Content Harvest Component

  • runs in Docker, check README for run instructions

  • content_harvester/by_registry_endpoint.py runs content harvester for registry endpoints with function harvest_endpoint(url)

  • content_harvester/by_collection.py runs content harvester for a given collection with function harvest_collection({"collection_id": 12345, "rikolti_mapper_type": "mapper_name"})
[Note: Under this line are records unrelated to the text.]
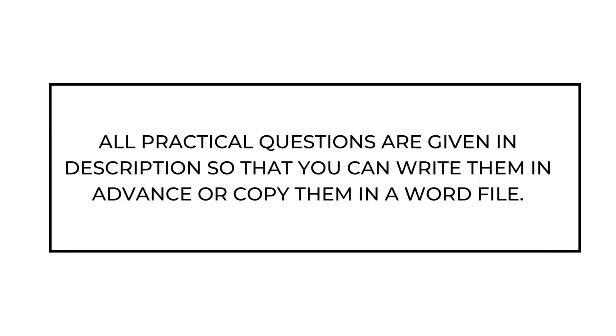C. All practical questions are given in description so that you can write them in advance or copy them in a Word file.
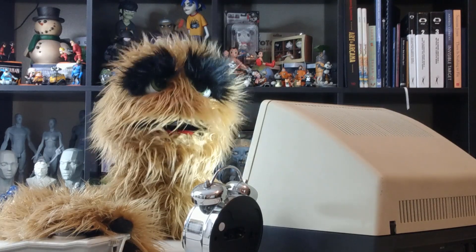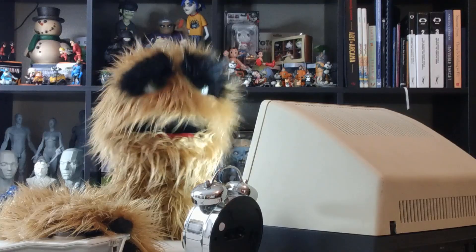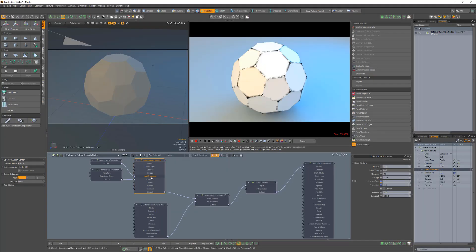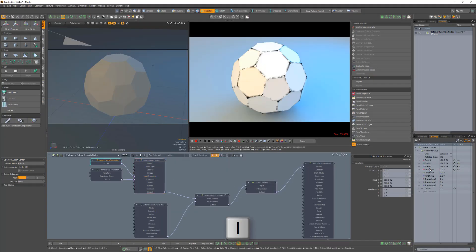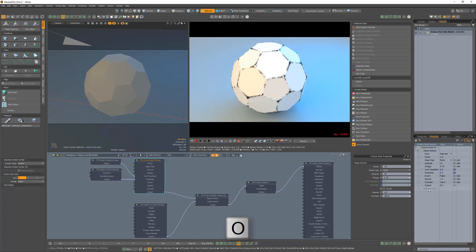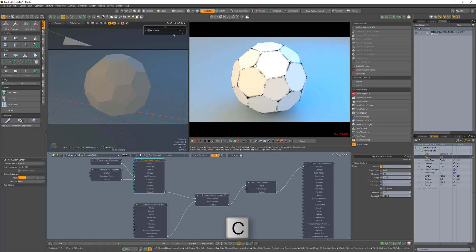Floyd here with a quick look at channel list hotkeys in Modo. With the channel selected, press I to select the modifier input, press O to select the modifier output, and selecting a channel and pressing C when in items mode will activate channel haul.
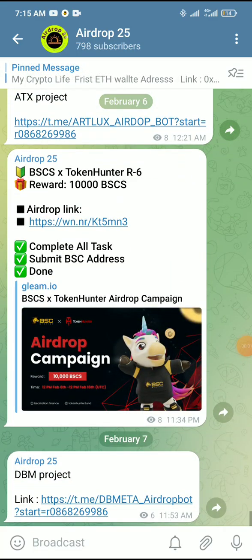Hey guys, welcome to our platform Blockchain University. This project will be a cryptocurrency-based mining project. Mining projects are creating big hype in the cryptocurrency economy. This is a node-based project, and in the back-end, the node mining of GagaNote is working.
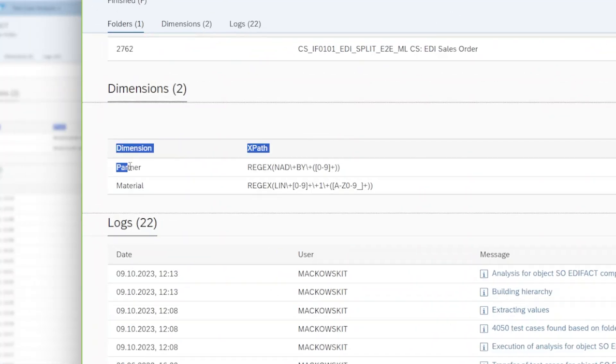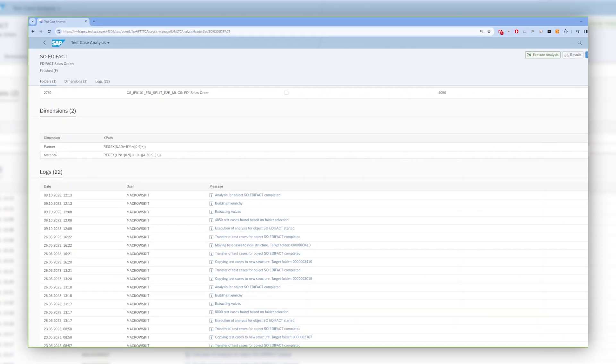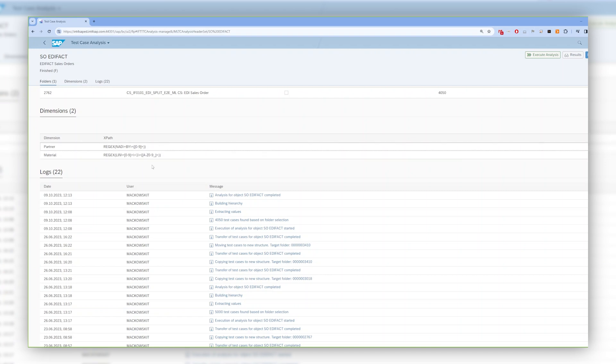You can create a dimension for the file type, message type, partner application ID, or any other value that is stored in the message saved as a test case. In our example, we have a dimension for a partner and material number. The dimensions point to a specific place in the content of the message, defined by the regex or XPath expression. Once the analysis is finished, you can see its results.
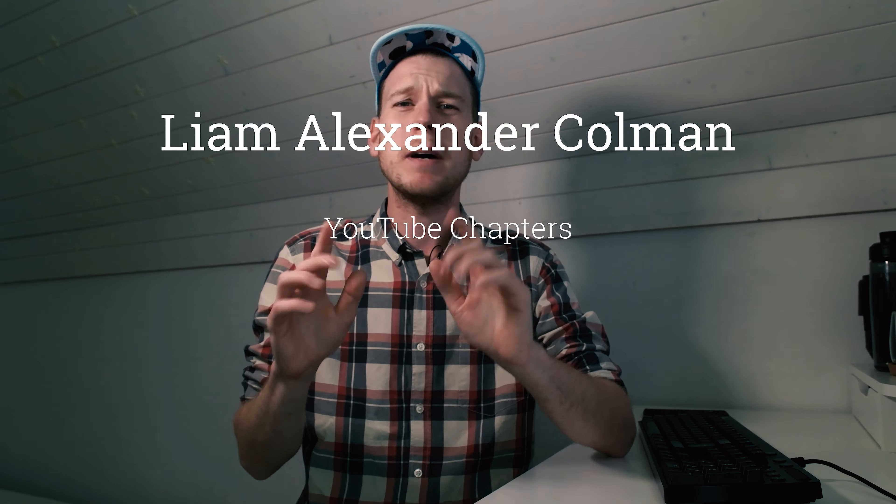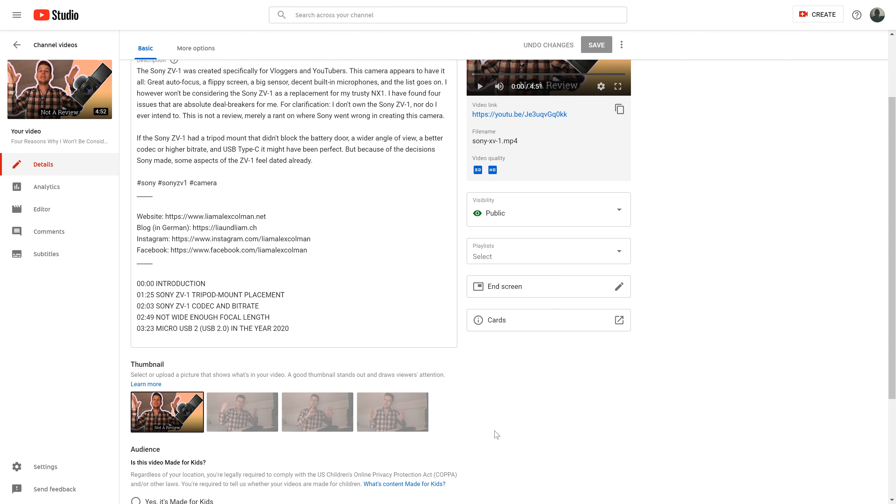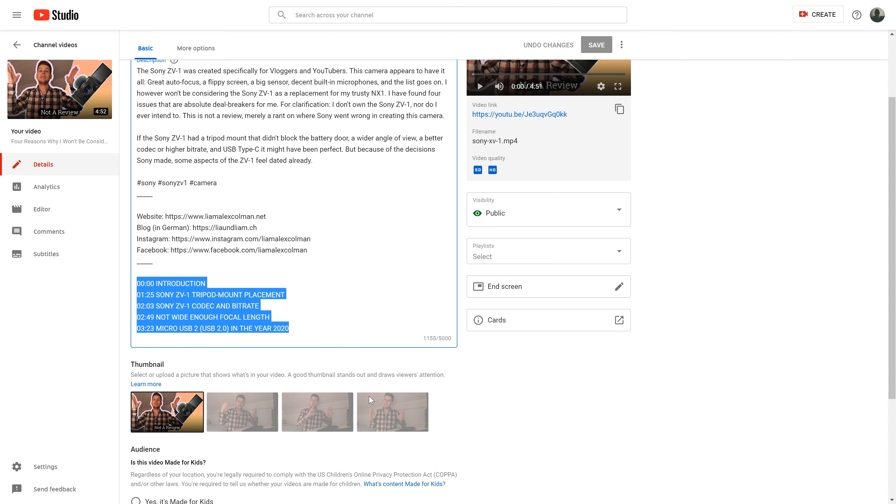Now this might seem a bit hacky, but I promise it's the official way of how you do this. Simply visit the YouTube Studio and go into your video overview, then edit the video you want chapters added to. The first chapter you add always has to be at 00:00 — if you don't do that your chapters just won't appear. But after that you can add as many chapters as you'd like; they just have to be at least 10 seconds long.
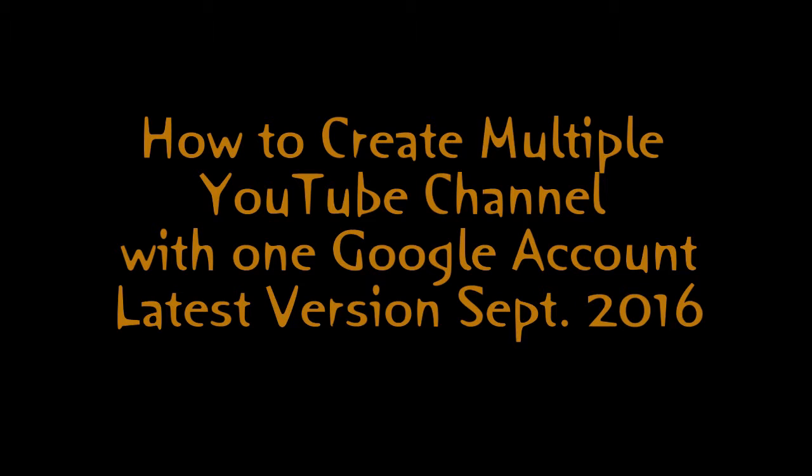Hey guys, today we are going to learn how to create multiple YouTube channels with one Google account with the latest version of YouTube without the hassle of creating another email ID.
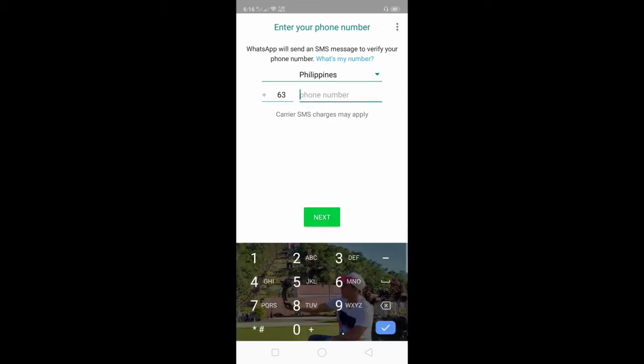Type your phone number without zero in front. After that, click next.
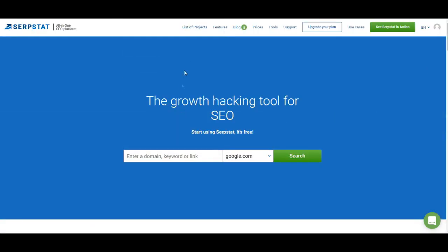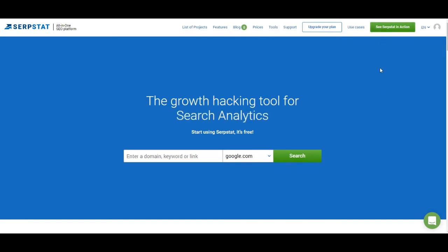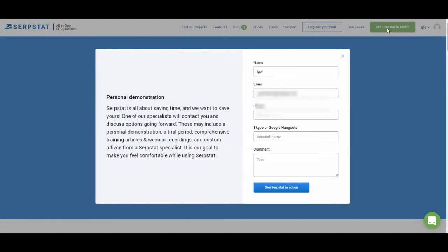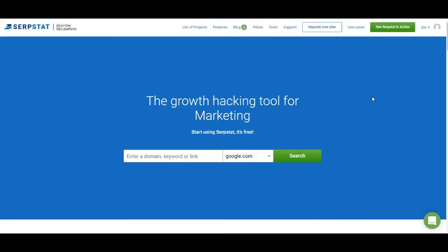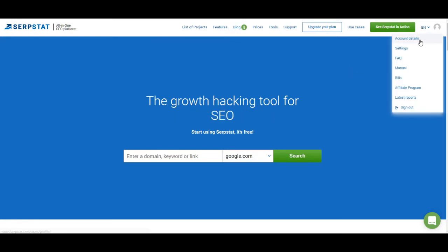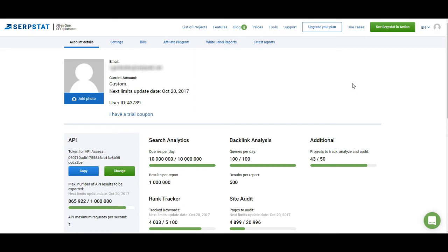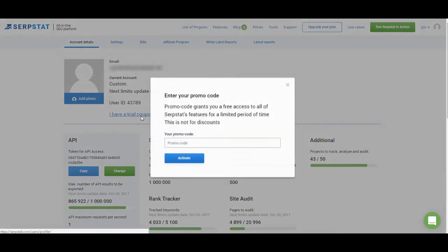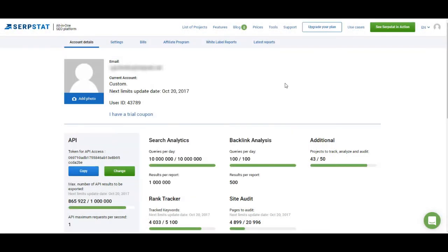Now let's get back to the header. Up here you have links to the important parts of the website. If you want to see how to work with Serbstat based on your own needs, click on this green button and one of our managers will show you how to work with it. In the top right corner you get your profile settings. On this page you can see how many requests you can make, how many limits you have left in your tariff plan, and you can enter a trial coupon here — if you have a promo code you can click here to get free access for a certain number of days.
  • content_harvester/by_page.py runs content harvester for a given page with function harvest_page_content(collection_id=12345, page_filename="1.jsonl" rikolti_mapper_type="mapper_name")

harvest_page_content:

  1. creates a ContentHarvester with a persistent s3 client and http client
  2. uses get_mapped_records(collection_id, page_filename, s3_client) to read a mapped metadata file (either locally, or on s3) and return a list of records
  3. uses ContentHarvester.harvest(record) to harvest content for each record.
  4. warns about cases where the record has no thumbnail
  5. adds a content key to record, value is a dictionary with all optional keys 'thumbnail', 'media', and 'children'
  6. writes the list of mapped records (either locally, or to s3) to jsonl file
  7. returns a report of thumbnail source counts by mimetype and thumbnail counts by mimetype (to see how many derivatives were generated), media source counts by mimetype and media counts by mimetype (to see how many derivatives were generated), a count of children encountered while processing, and a count of the total number of records

ContentHarvester.harvest(record):

  1. finds the media source in the record, downloads the source to the docker container's local filesystem, and if the media source's nuxeo_type == SampleCustomPicture, generates a jp2 using the derivatives module, before optionally uploading to s3 (if settings.CONTENT_DEST is not 'local')
  2. finds the thumbnail source in the record, downloads the source to the docker container's local filesystem (if it was not already downloaded by the media harvest process), and uses the derivatives module to make a thumbnail, before optionally uploading to s3 (if settings.CONTENT_DEST is not 'local')
  3. searches for a children folder in the settings.METADATA_SRC location (locally, or on s3)
  4. runs ContentHarvester.harvest(child_record) recursively for each child record found.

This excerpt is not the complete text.